## [Exercise requirements]
Required from the data below: the exact lines starting at the line containing "خاتم — لازوردي — عيار 21 — صورة 2" and ending at the line containing "Download Lagu 【Full", with both ends kept and all pictures dropped.

Records from a data collection
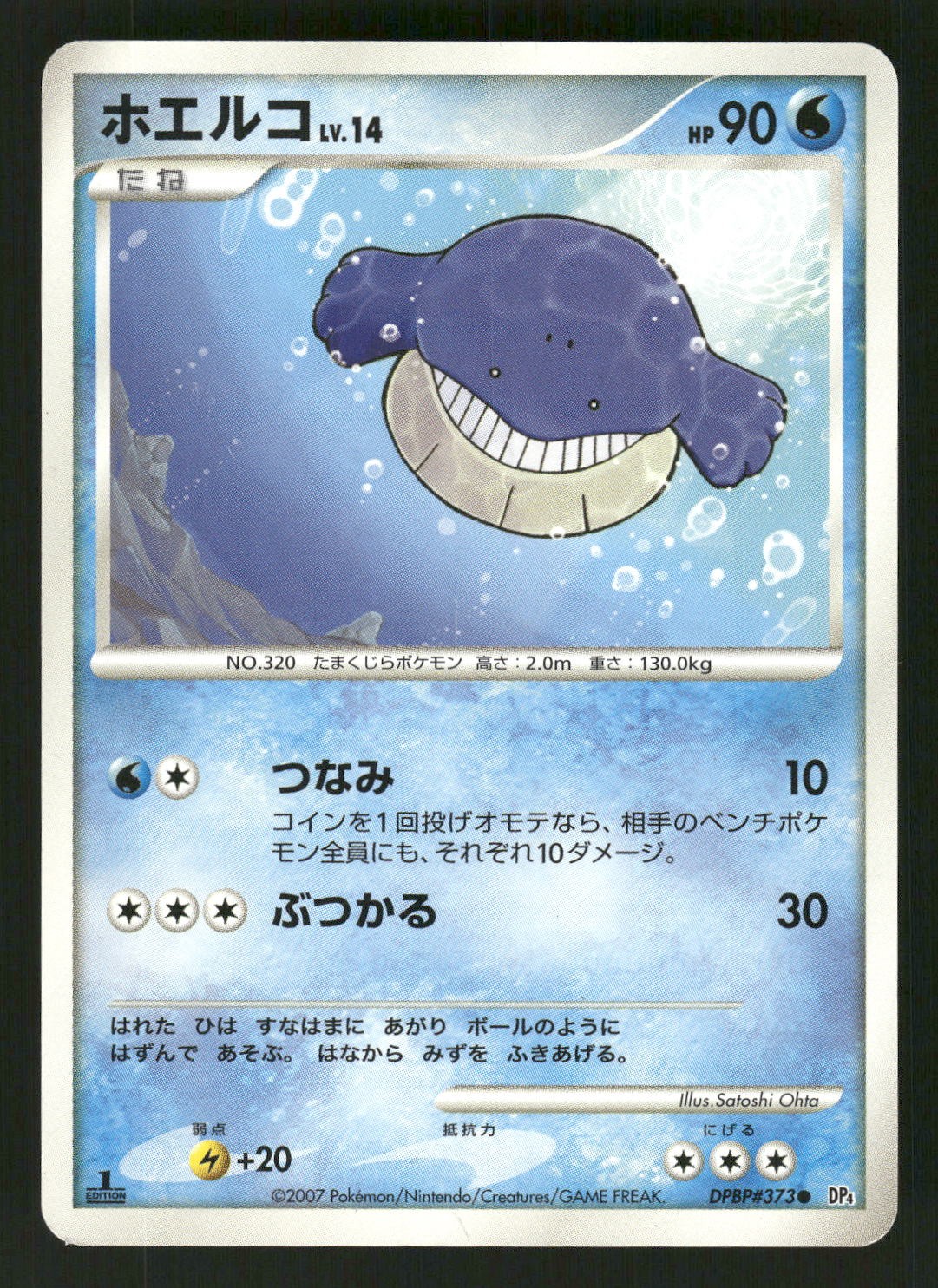 2007 Moderate Play Pokemon Wailmer DPBP#373 Moonlit Pursuit DP4 Japanese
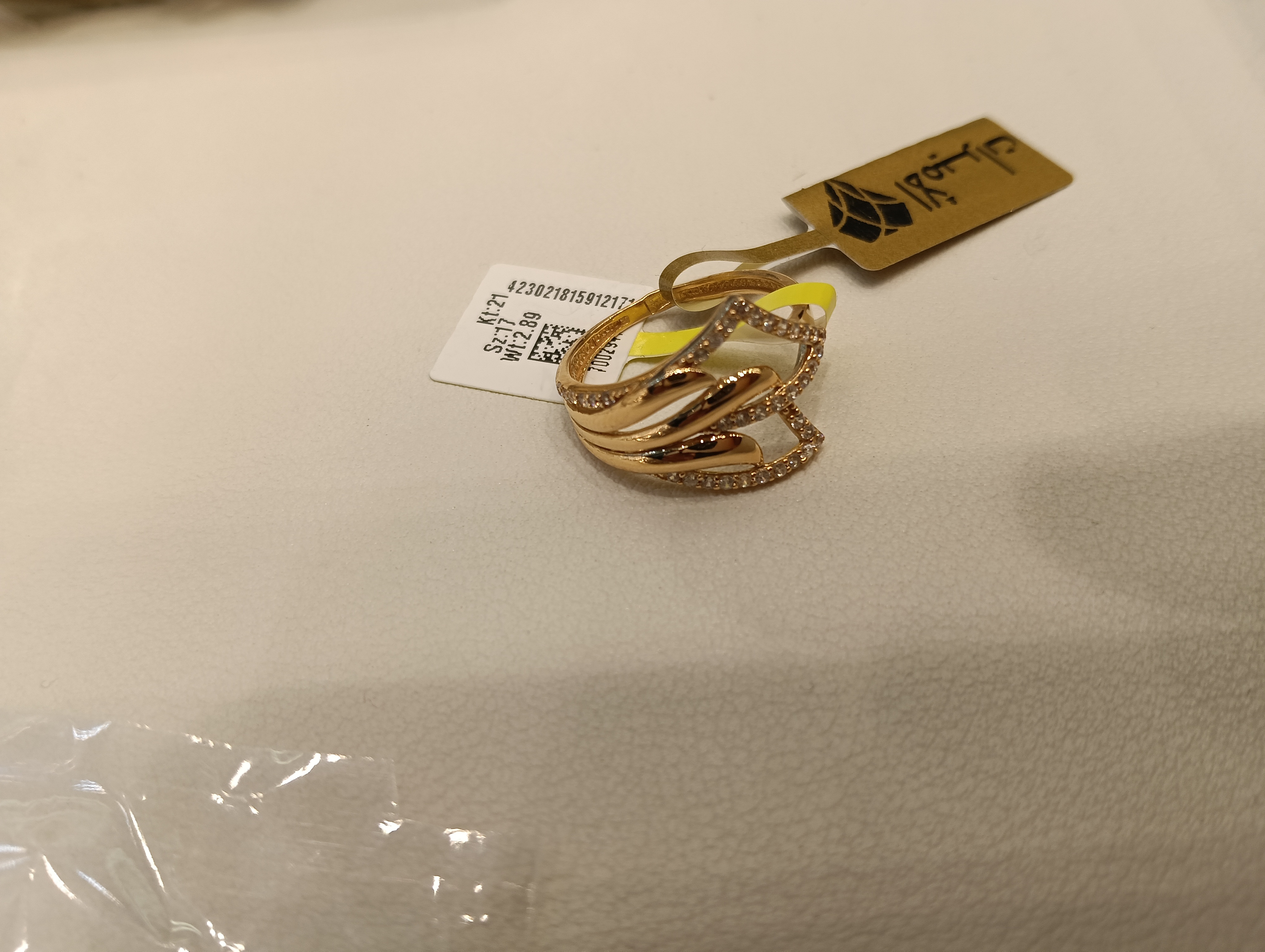 خاتم — لازوردي — عيار 21 — صورة 2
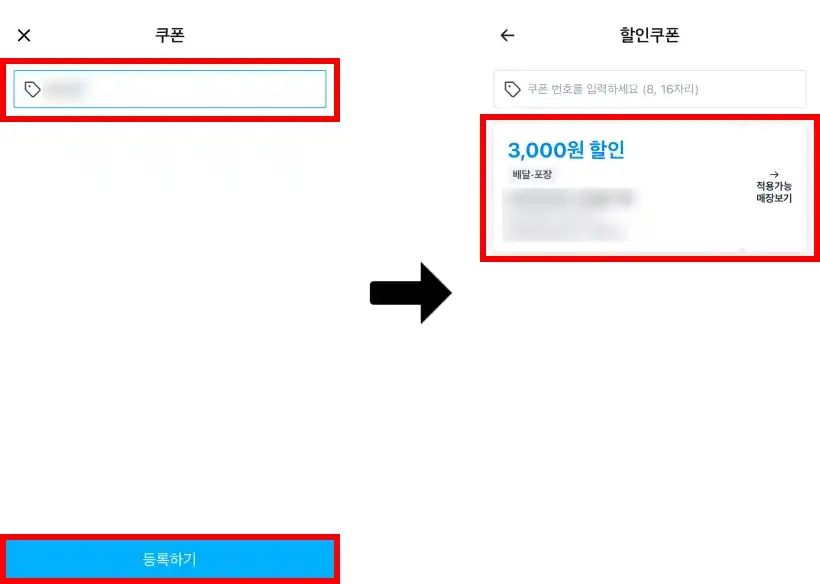 쿠팡이츠 쿠폰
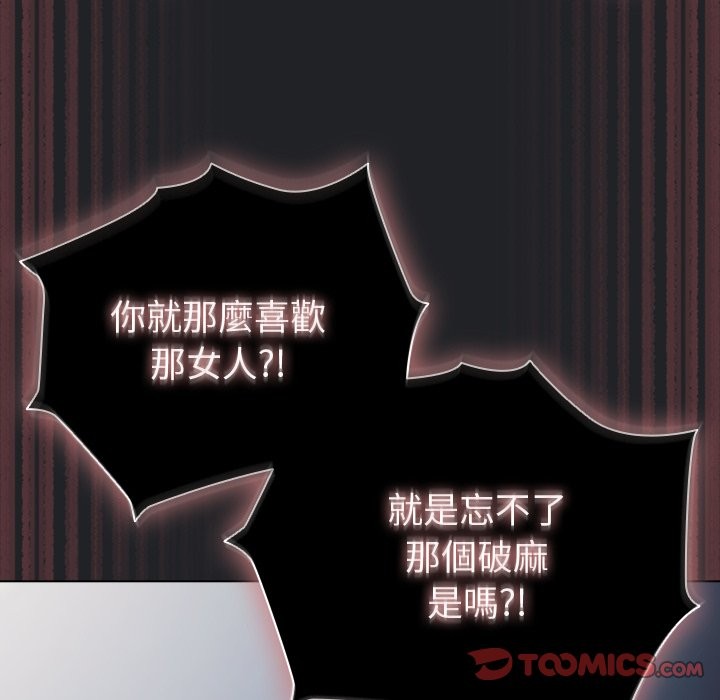 第43话-请弄脏我的女朋友/请玷汙我女友-babyhand（第15张）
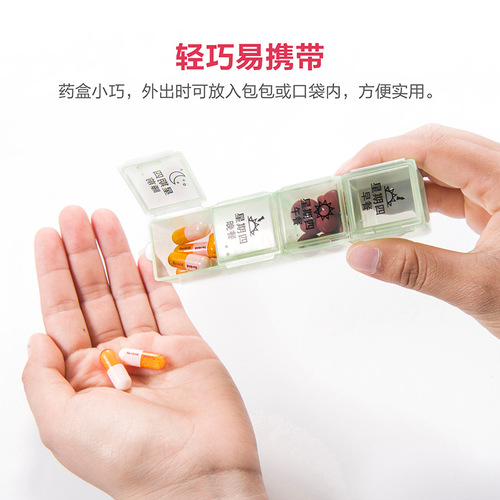 Simple and Easy to Use 21-Compartment Weekly Medicine Box with 28 Total Slots, 7-Day Divided Compartments, Elderly-Friendly, Eco-Friendly PP Plastic Medicine Organizer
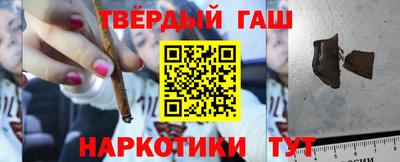 дмт Абинск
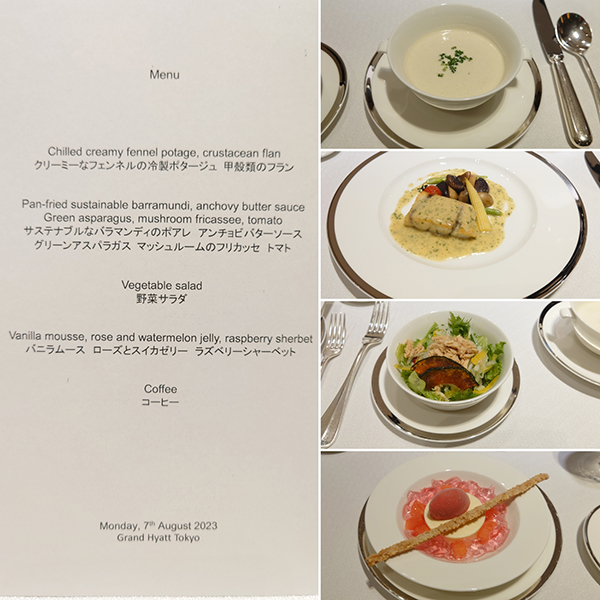 8月7日のお食事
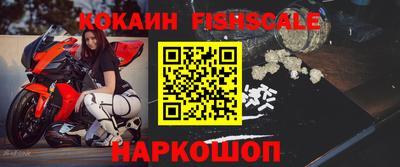 круглые Балашиха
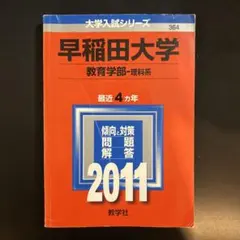 早稲田大学教育学部理科系 赤本 まとめ売り 61XraqFsVQL._AC_UL210_SR210,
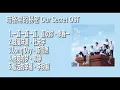 Download Lagu 【Full OST】暗格里的秘密 歌曲︱Our Secret OST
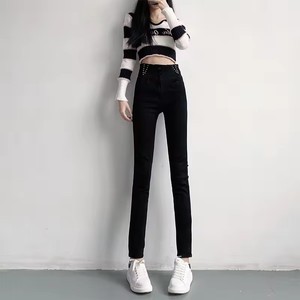 Jeggings en jean déchirés et usés pour <span class=keywords><strong>femme</strong></span>, taille haute, extensibles, respirants, coupe skinny, style décontracté - Product Image 5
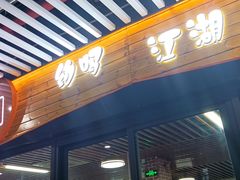 门面-江湖翅客(琶洲新村店)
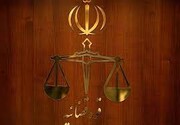 ادارات این قوه از سحرخیزی ۶صبح معاف شدند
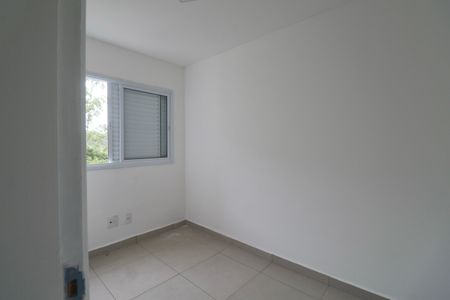 Apartamento para alugar com 55m², 2 quartos e 1 vagaQuarto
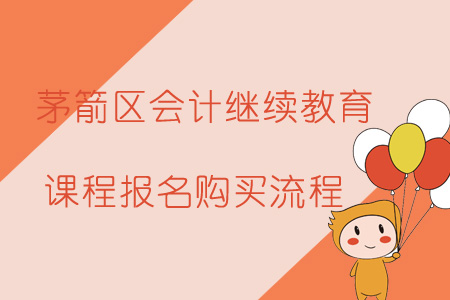 2019年茅箭區會計繼續教育課程報名購買流程
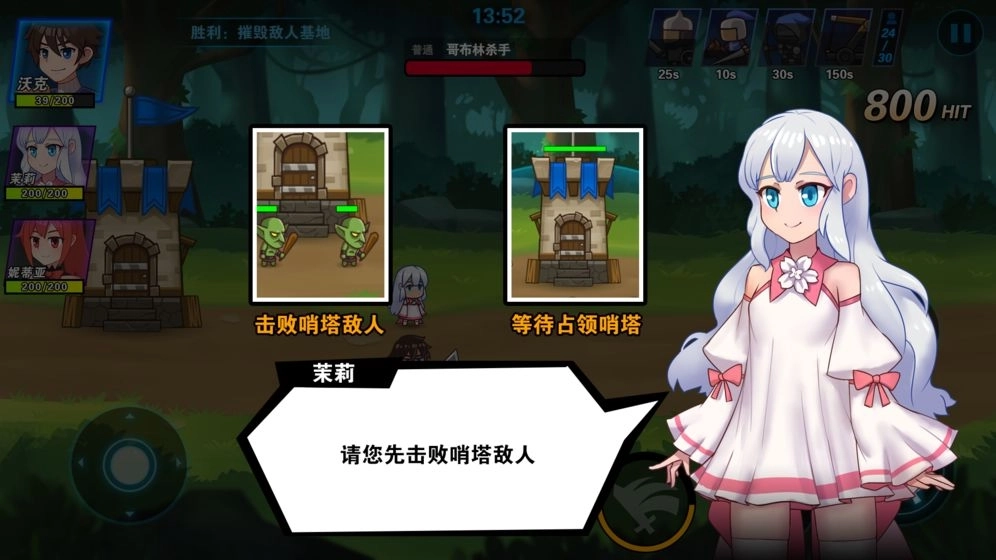 冒险与战争手游版下载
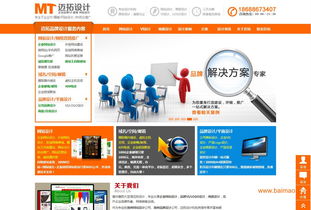 惠州網(wǎng)站建設(shè)與網(wǎng)頁設(shè)計(jì) 一站式網(wǎng)絡(luò)系統(tǒng)服務(wù)解決方案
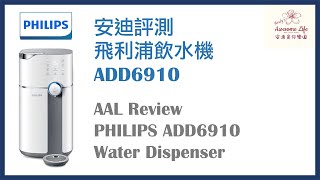 AAL安迪評測  Philips飛利浦RO逆滲透純淨飲水機 ADD6910691169156920 Reverse Osmosis Water Dispenser Review [upl. by Shargel]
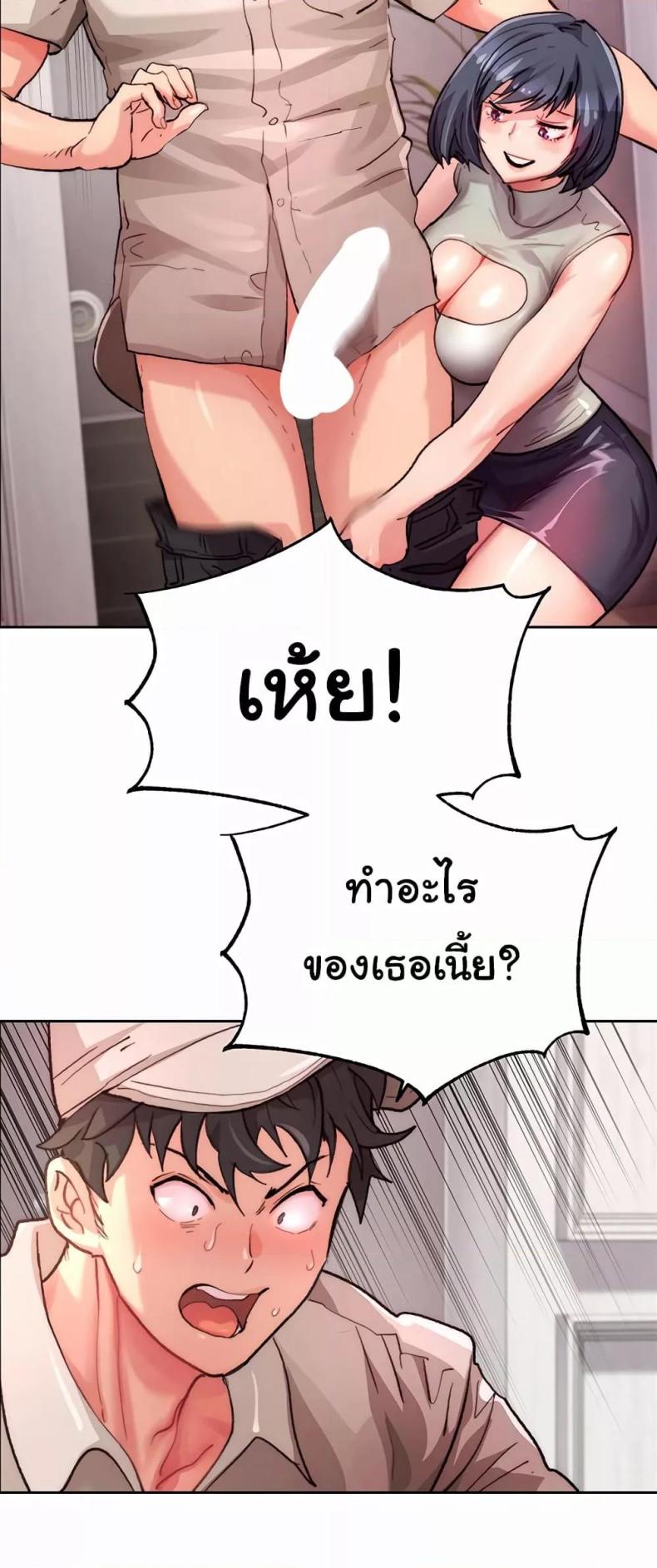 page-70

## [Solution]
 خاتم — لازوردي — عيار 21 — صورة 2
 쿠팡이츠 쿠폰
 第43话-请弄脏我的女朋友/请玷汙我女友-babyhand（第15张）
 Simple and Easy to Use 21-Compartment Weekly Medicine Box with 28 Total Slots, 7-Day Divided Compartments, Elderly-Friendly, Eco-Friendly PP Plastic Medicine Organizer
 дмт Абинск
 8月7日のお食事
 круглые Балашиха
 早稲田大学教育学部理科系 赤本 まとめ売り 61XraqFsVQL._AC_UL210_SR210,
 Download Lagu 【Full OST】暗格里的秘密 歌曲︱Our Secret OST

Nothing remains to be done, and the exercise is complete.